§ **SOURCE MATERIAL**
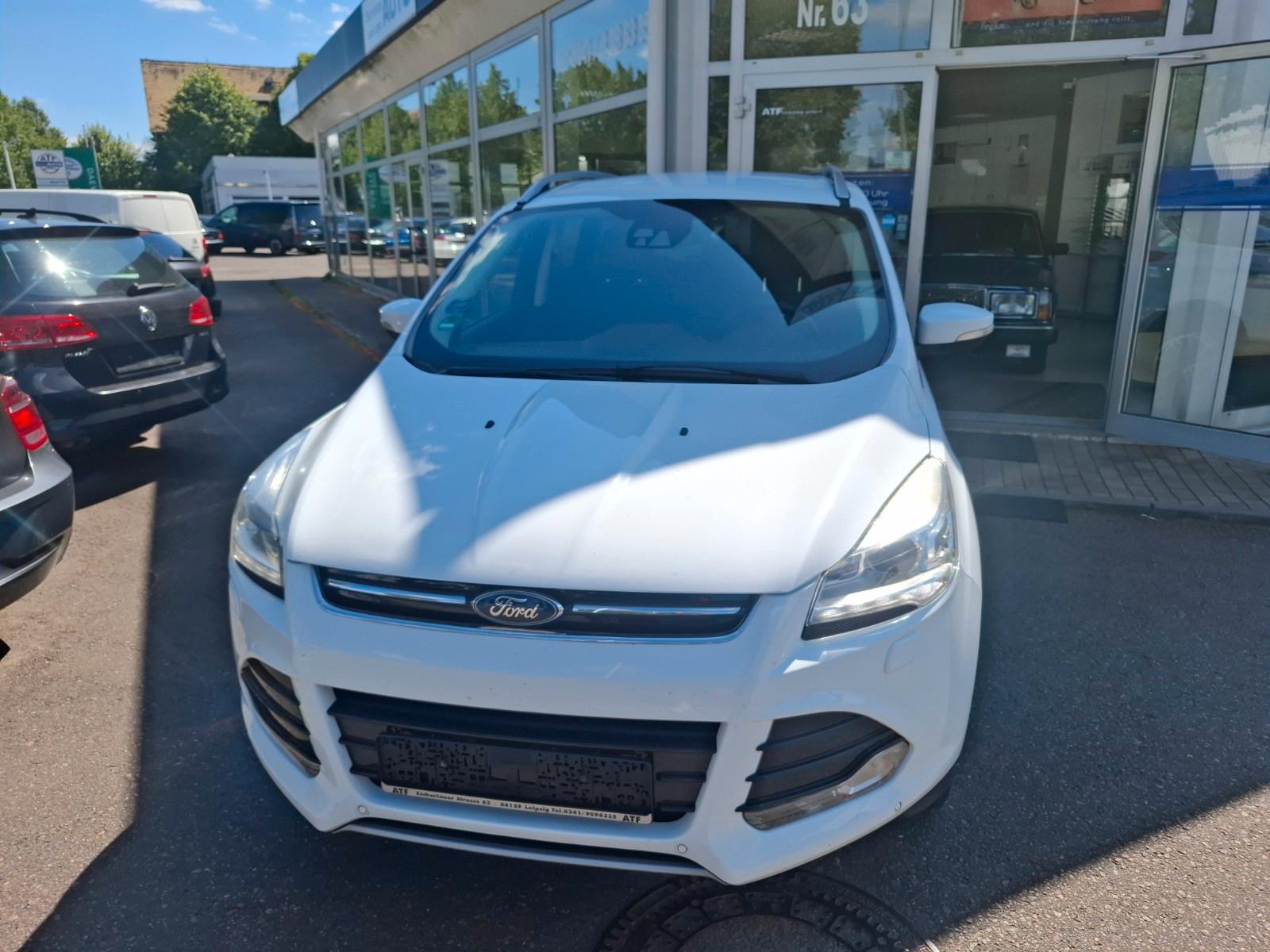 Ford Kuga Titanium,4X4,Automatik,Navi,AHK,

--

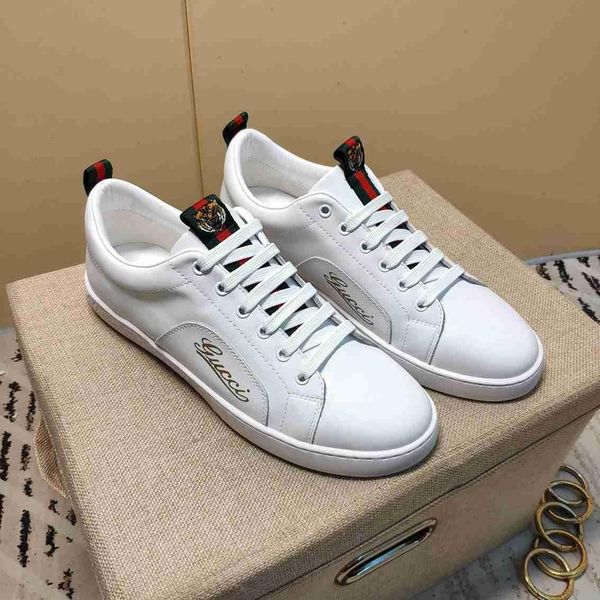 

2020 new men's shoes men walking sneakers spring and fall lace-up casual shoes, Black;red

* * *

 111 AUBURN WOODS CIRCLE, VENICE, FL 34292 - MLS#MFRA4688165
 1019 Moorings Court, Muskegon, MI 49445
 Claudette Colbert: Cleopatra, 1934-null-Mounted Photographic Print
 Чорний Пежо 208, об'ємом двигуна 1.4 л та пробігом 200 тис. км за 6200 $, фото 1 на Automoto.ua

§ **TASK TO CARRY OUT**
As listed above, the lines from the line with "1019 Moorings Court, Muskegon, MI 49445" to the line with "Чорний Пежо 208, об'ємом" are to be echoed exactly, with both ends included and nothing added.

§ **EXPECTED ANSWER**
 1019 Moorings Court, Muskegon, MI 49445
 Claudette Colbert: Cleopatra, 1934-null-Mounted Photographic Print
 Чорний Пежо 208, об'ємом двигуна 1.4 л та пробігом 200 тис. км за 6200 $, фото 1 на Automoto.ua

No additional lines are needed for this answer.